- _ASSIGNED TASK_
Write out the opening lines of the data word for word, up to and including the line with "Cover of The Wilderness, by Samantha Harvey.", and leave every picture and every later line out.

- _RAW DATA_
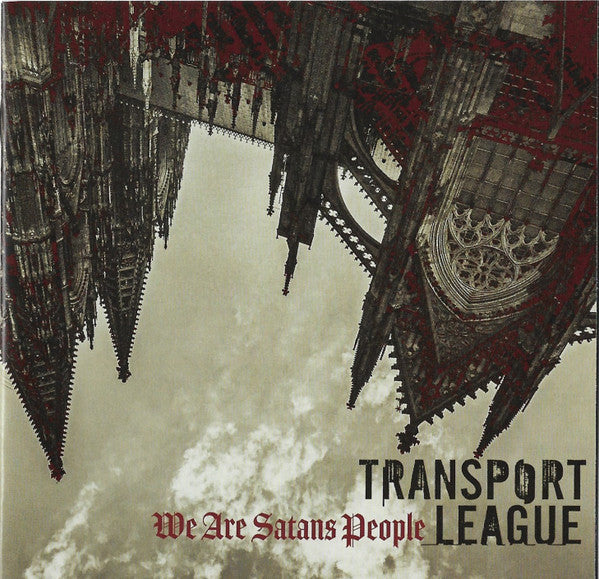 TRANSPORT LEAGUE - WE ARE SATANS PEOPLE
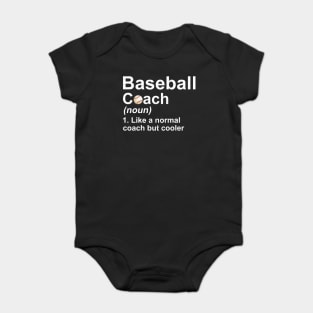 Baseball Coach Noun Like A Normal Coach But Cooler Baby Bodysuit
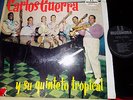 CARLOS GUERRA,LP, SALSA,VENEZUELA,ORG,195?,VG++,Y SU QUINTETO TROPICAL,RARE,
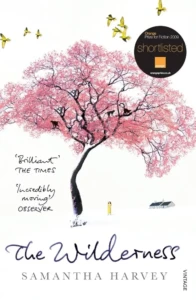Cover of The Wilderness, by Samantha Harvey.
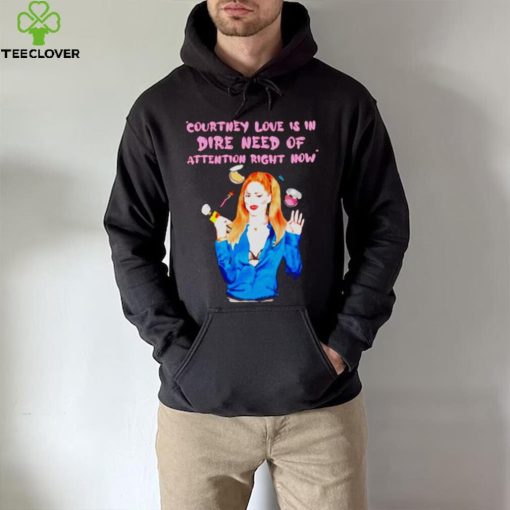 Countney love is in dire need of attention right now hoodie, sweater, longsleeve, shirt v-neck, t-shirt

- _SOLUTION TO THE PROBLEM_
 TRANSPORT LEAGUE - WE ARE SATANS PEOPLE
 Baseball Coach Noun Like A Normal Coach But Cooler Baby Bodysuit
 CARLOS GUERRA,LP, SALSA,VENEZUELA,ORG,195?,VG++,Y SU QUINTETO TROPICAL,RARE,
Cover of The Wilderness, by Samantha Harvey.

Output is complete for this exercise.